• **What you are asked to do**:
Return each line exactly, from the one that has "40. Lockyer Street, Camp Hill QLD 4152" through the end of the entries, both ends included. Pictures do not belong.

START Data shown

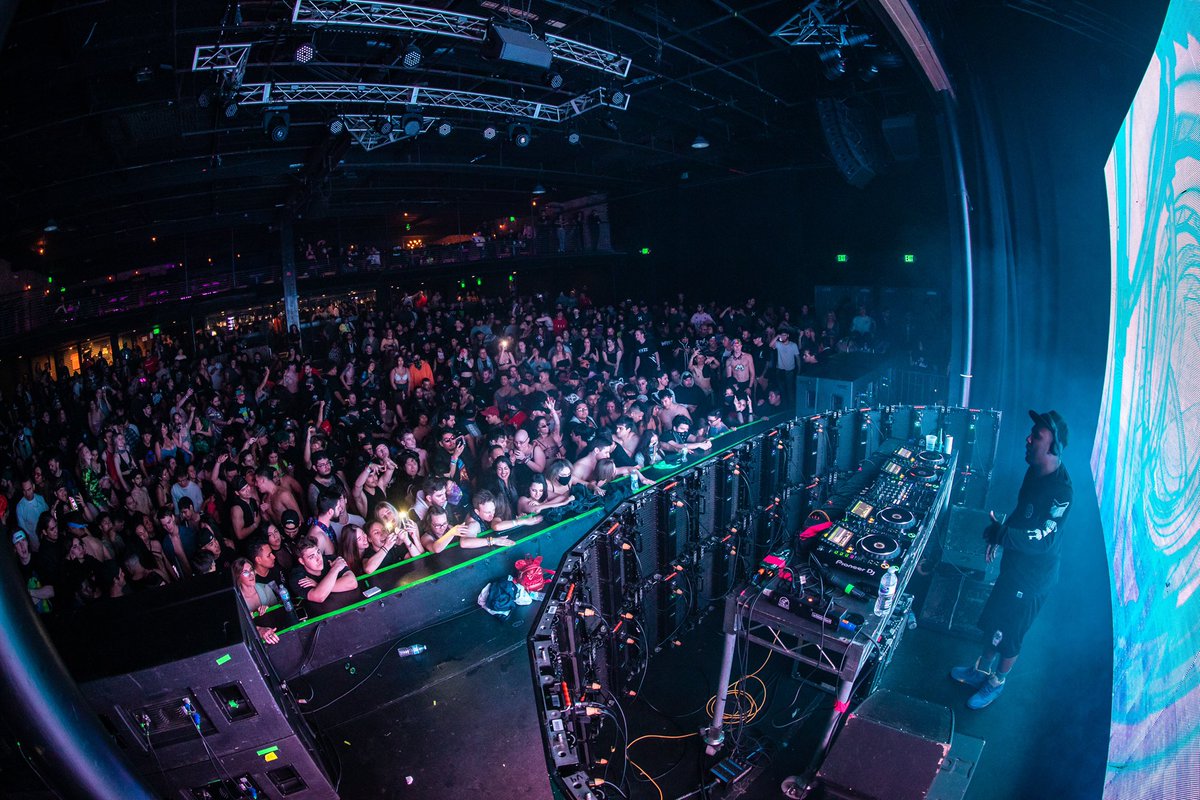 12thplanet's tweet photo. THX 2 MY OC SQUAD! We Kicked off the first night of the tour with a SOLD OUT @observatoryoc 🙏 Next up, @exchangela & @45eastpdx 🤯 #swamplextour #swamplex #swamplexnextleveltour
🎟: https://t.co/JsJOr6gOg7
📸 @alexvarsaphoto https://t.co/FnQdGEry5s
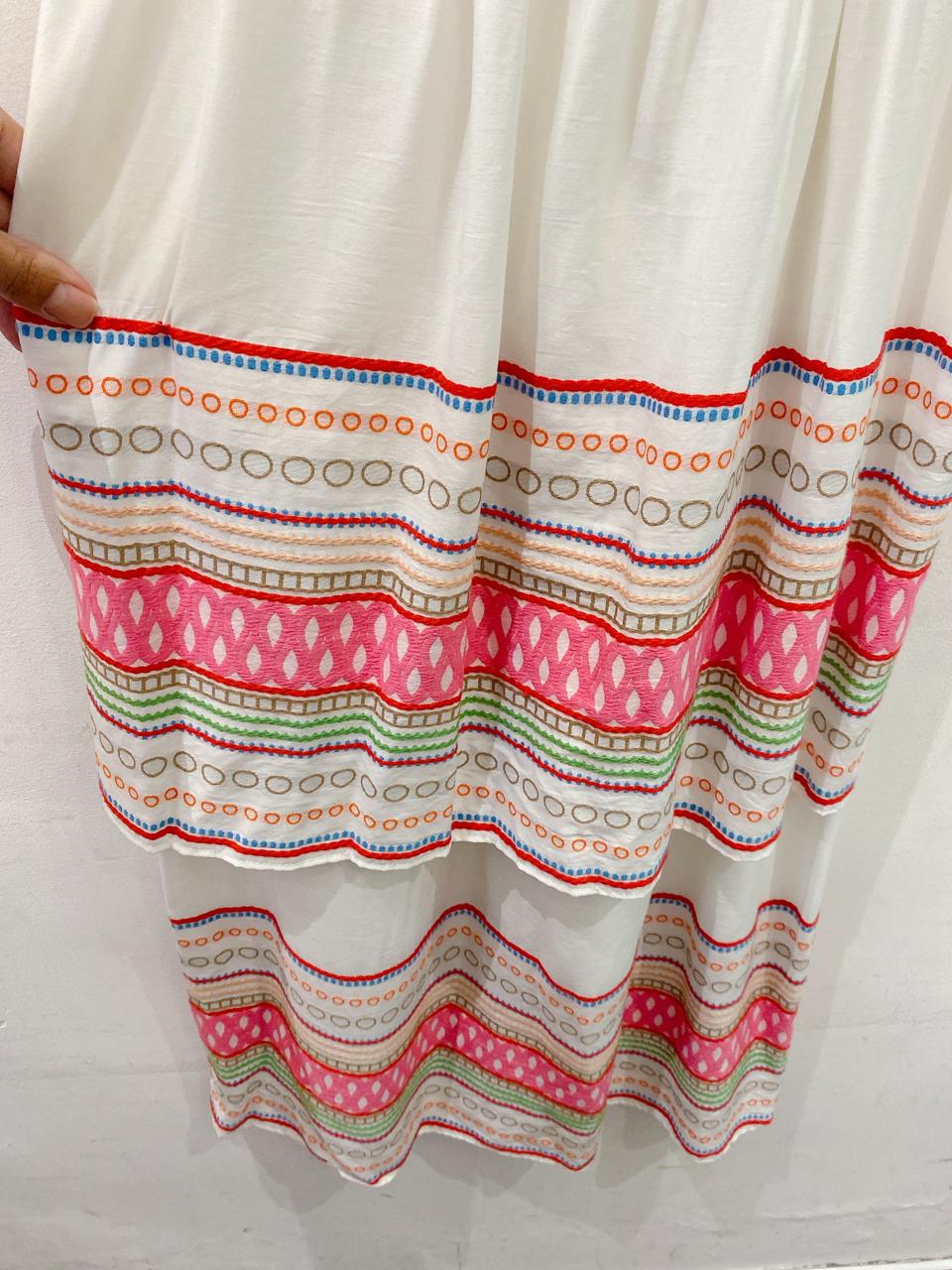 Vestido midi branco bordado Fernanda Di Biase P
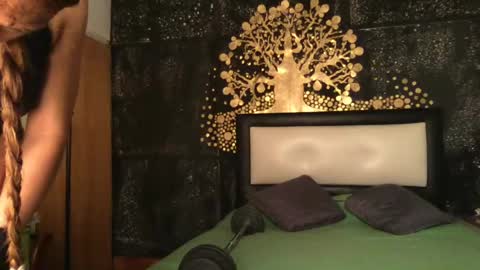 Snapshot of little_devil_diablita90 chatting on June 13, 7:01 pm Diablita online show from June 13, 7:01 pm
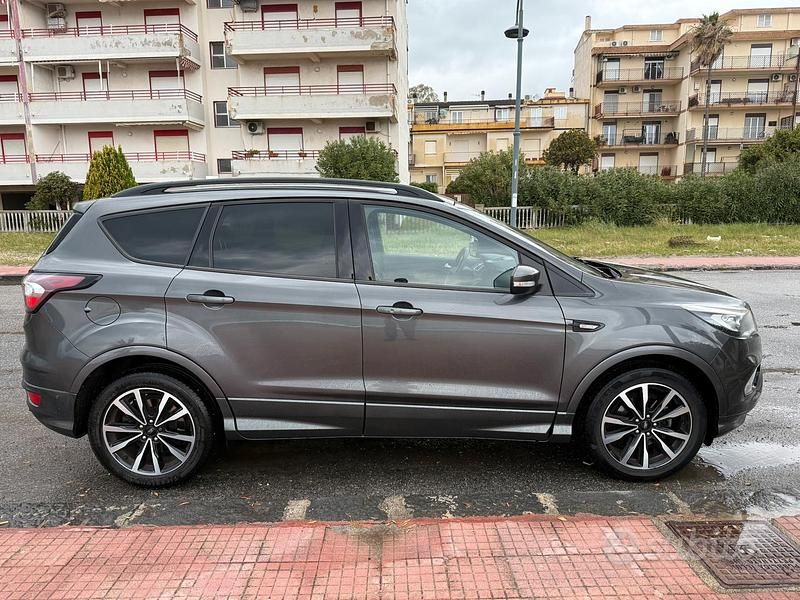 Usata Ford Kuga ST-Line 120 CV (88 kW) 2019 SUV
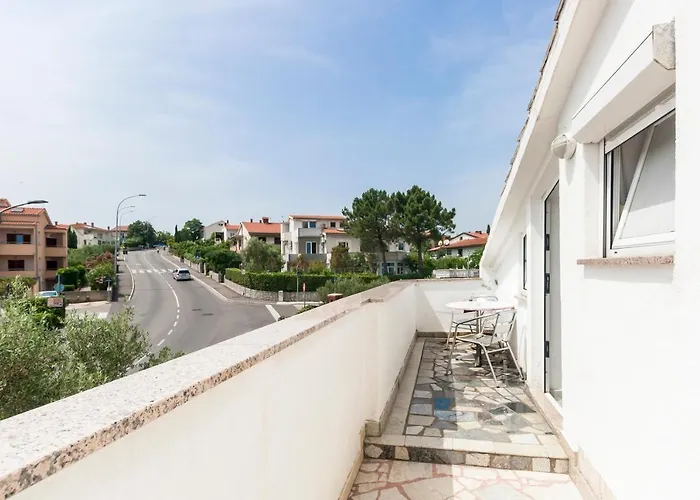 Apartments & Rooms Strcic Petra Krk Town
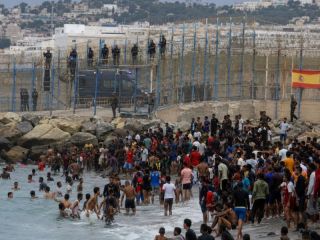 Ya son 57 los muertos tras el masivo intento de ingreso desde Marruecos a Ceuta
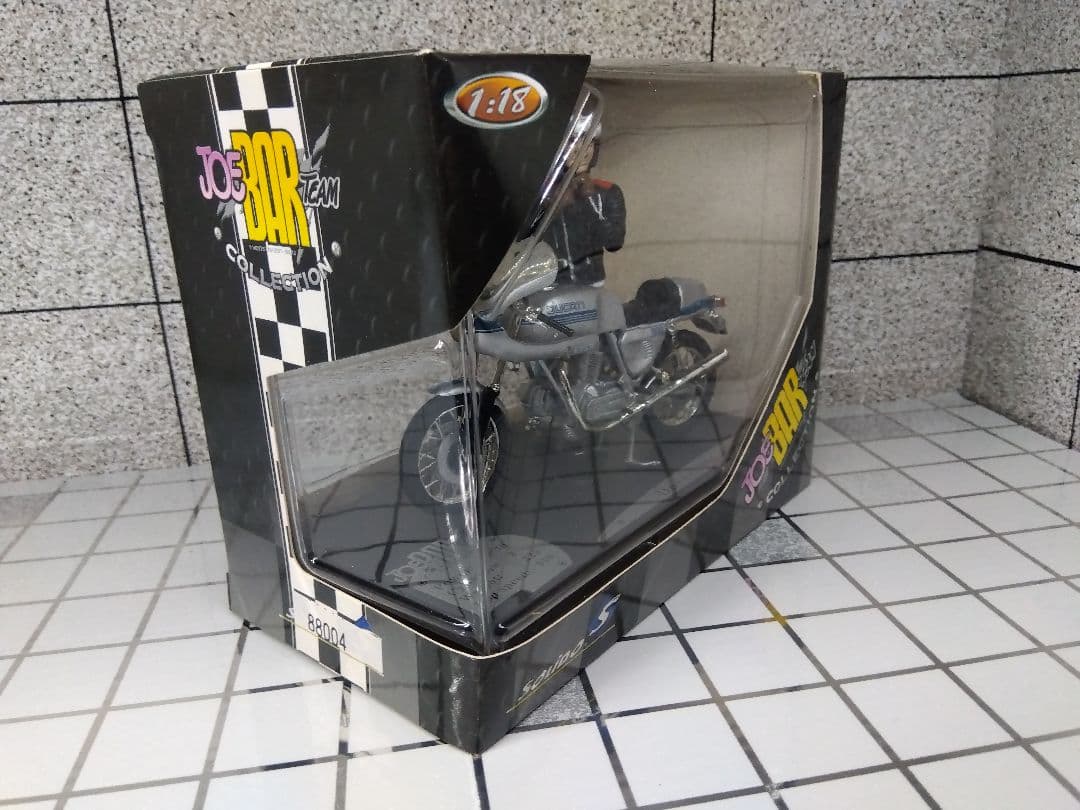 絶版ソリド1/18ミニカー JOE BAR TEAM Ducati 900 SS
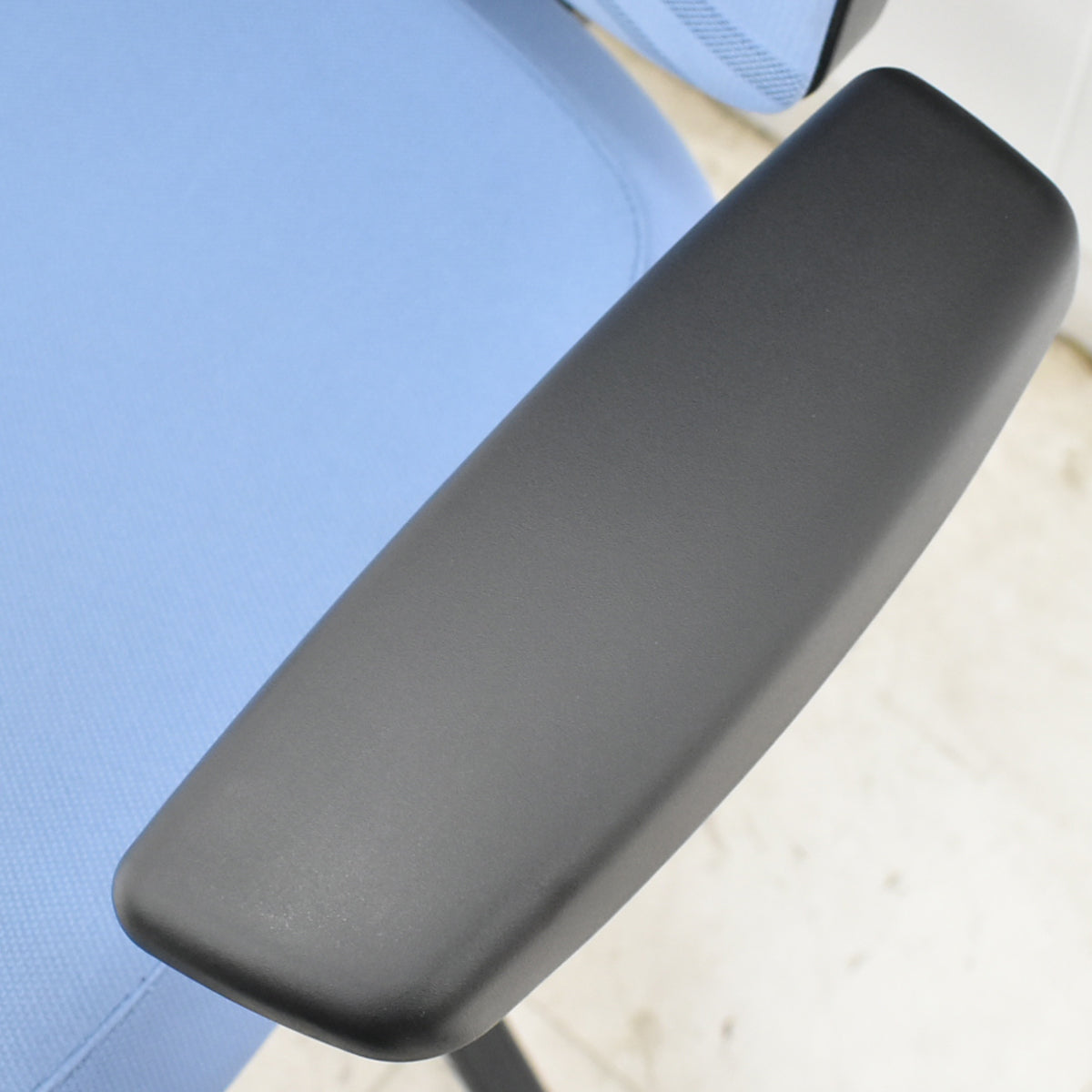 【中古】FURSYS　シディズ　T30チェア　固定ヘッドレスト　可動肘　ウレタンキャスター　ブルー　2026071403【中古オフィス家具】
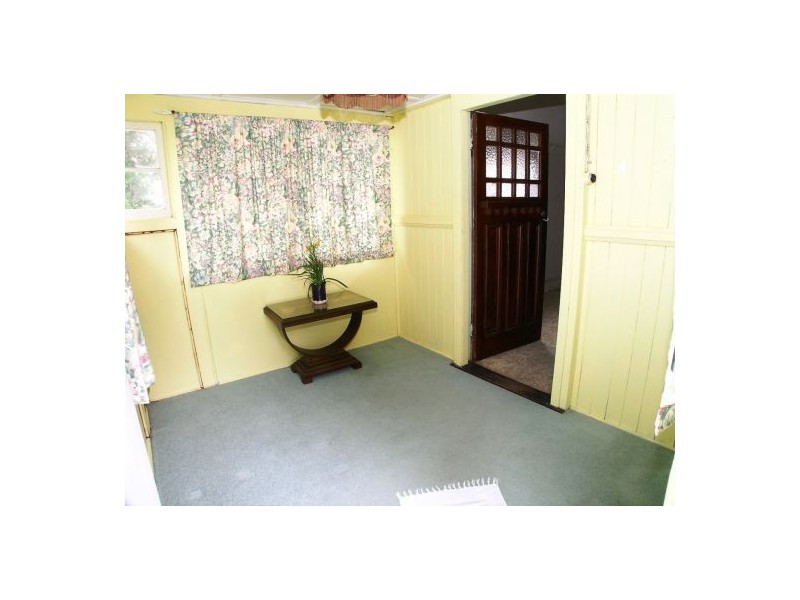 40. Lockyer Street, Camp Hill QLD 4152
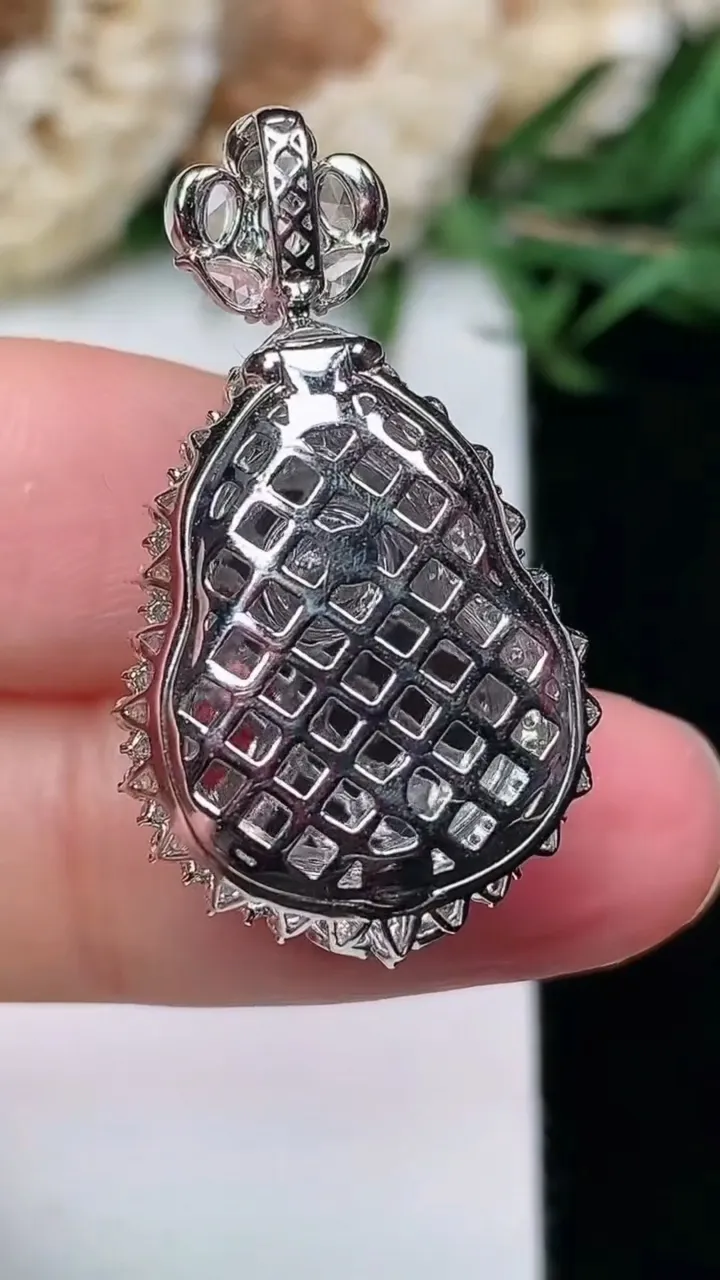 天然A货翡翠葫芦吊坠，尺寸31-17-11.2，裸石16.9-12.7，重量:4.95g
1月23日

END Data shown

• **Answer to this exercise**:
 40. Lockyer Street, Camp Hill QLD 4152
 天然A货翡翠葫芦吊坠，尺寸31-17-11.2，裸石16.9-12.7，重量:4.95g
1月23日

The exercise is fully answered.